Background: In the United Kingdom the incidence of sexually transmitted infections (STI) and risky sexual behaviours is increasing. The role of commercial sex in this trend is poorly understood. Little is known about the men who pay for sex. We examined the epidemiology of female commercial sex contacts reported by men in 1990 and 2000.
Methods: National probability sample surveys of sexual attitudes and lifestyles (Natsal) of men aged 16–44 resident in Britain in 1990 (n = 6000) and 2000 (n = 4762).
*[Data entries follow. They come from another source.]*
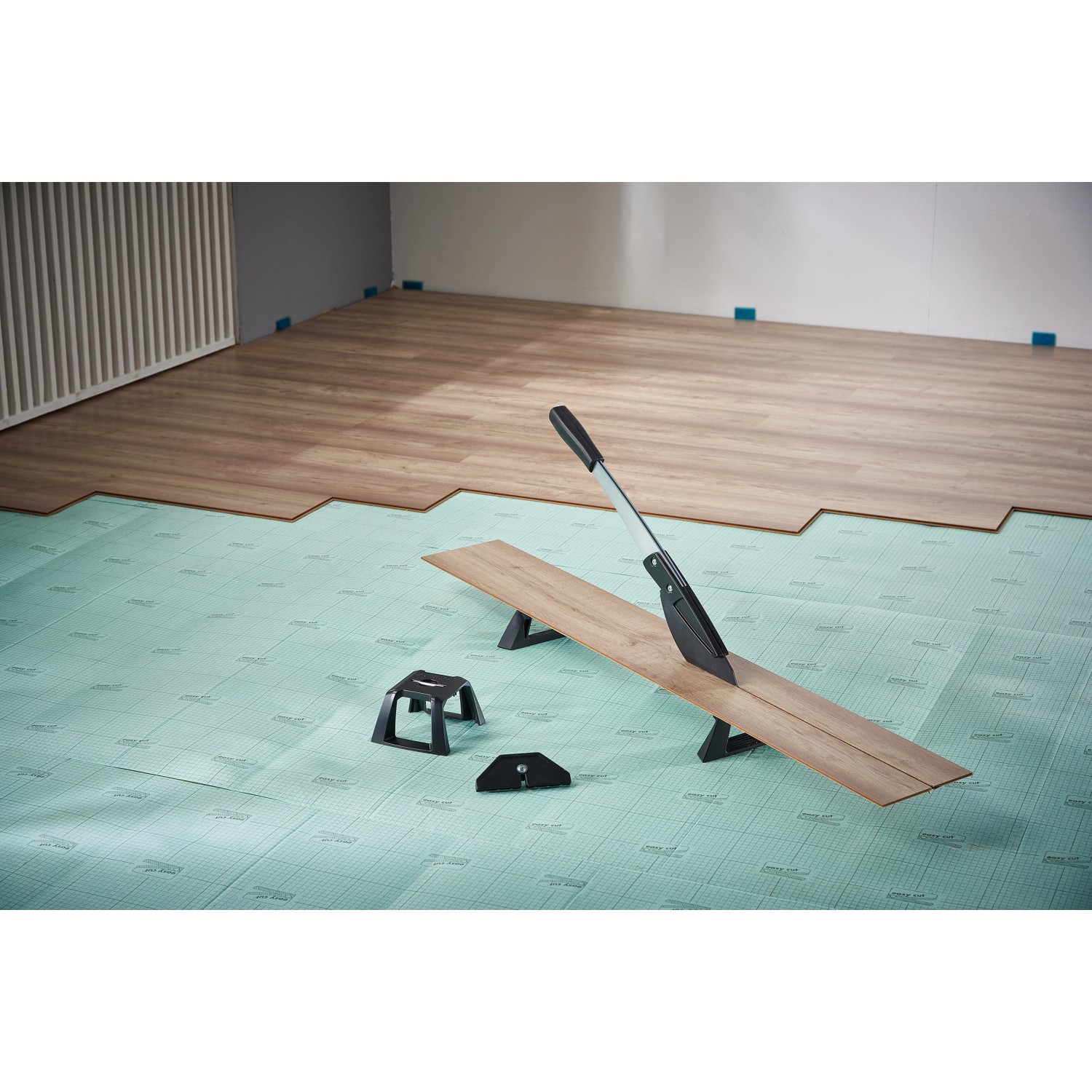 wolfcraft VLC 800 Vinyl- und Laminatschneider im Einsatz auf Trittschalldämmung.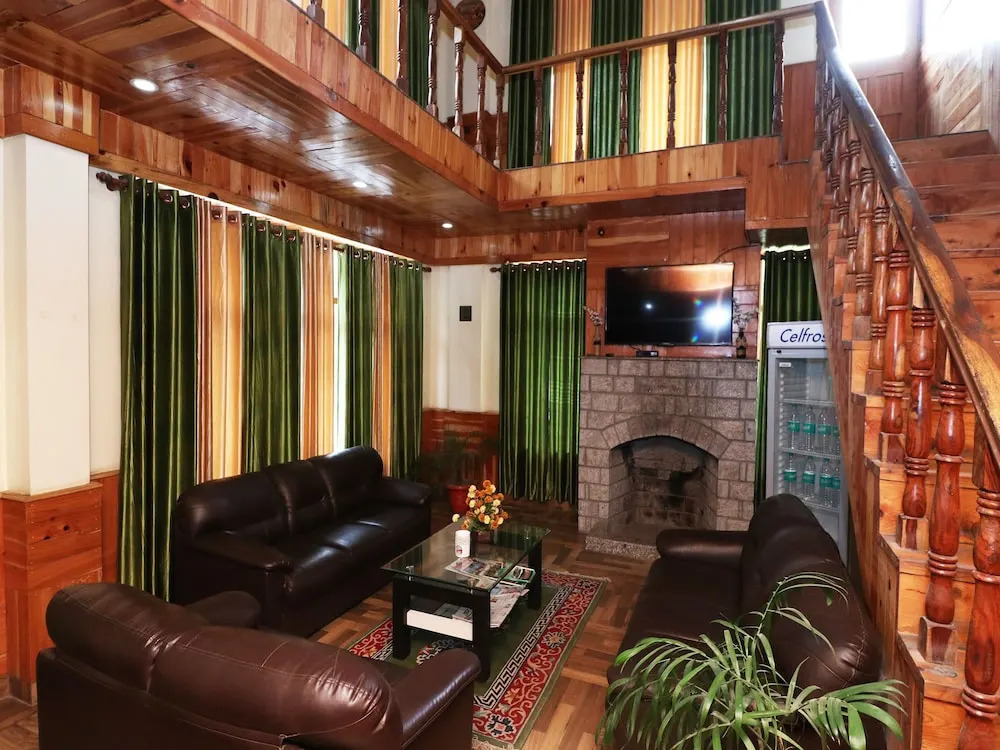 OYO 13715 Home Exotic River View Naggar Road
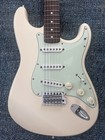 Fender Stratocaster White Solid Body Electric Guitar W  Vintage Molded Case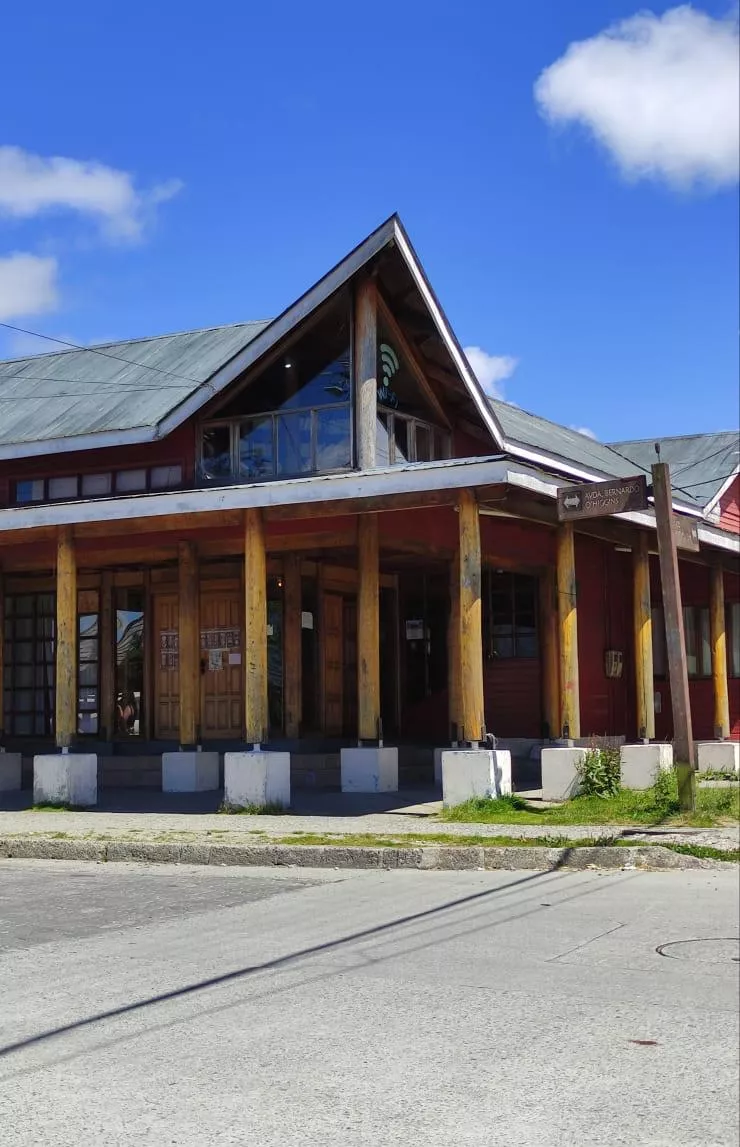 200 BC1, Biblioteca Pública Hornopirén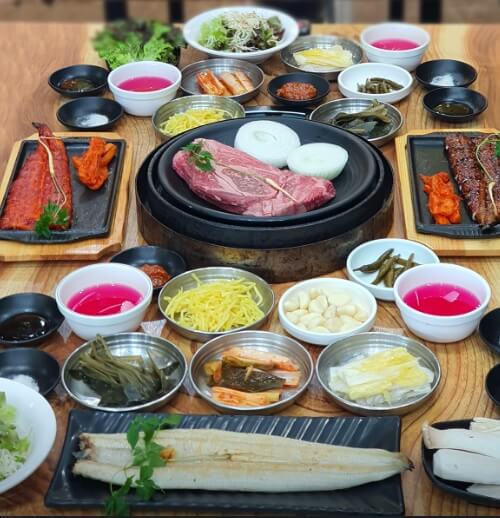 생방송투데이 막 퍼주는 집&amp;#44; 얼만데요? 서울 종로 초저가 육회비빔밥 맛집 반구정 민물장어 점심특선 통근점심 동묘역 맛집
Results: The proportion of men who reported paying women for sex in the previous 5 years increased from 2.0% (95% CI 1.6 to 2.5) in 1990 to 4.2% in 2000 (95% CI 3.6 to 4.9). In both surveys, paying for sex was more frequent in men aged between 25 years and 34 years, who were never or previously married, and who lived in London. There was no association with ethnicity, social class, homosexual contact, or injecting drug use. Men who paid for sex were more likely to report 10 or more sexual partners in the previous 5 years; only a minority of their lifetime sexual partners (19.3%) were commercial. They were more likely to meet partners abroad and to report previous STI. Only 15% reported having had an HIV test.
Conclusion: The proportion of men who reported paying for heterosexual sex has increased, and these men have multiple commercial and non-commercial partners. Their higher rates of STI and low level of HIV testing suggest the need for prevention interventions for clients as well as sex workers.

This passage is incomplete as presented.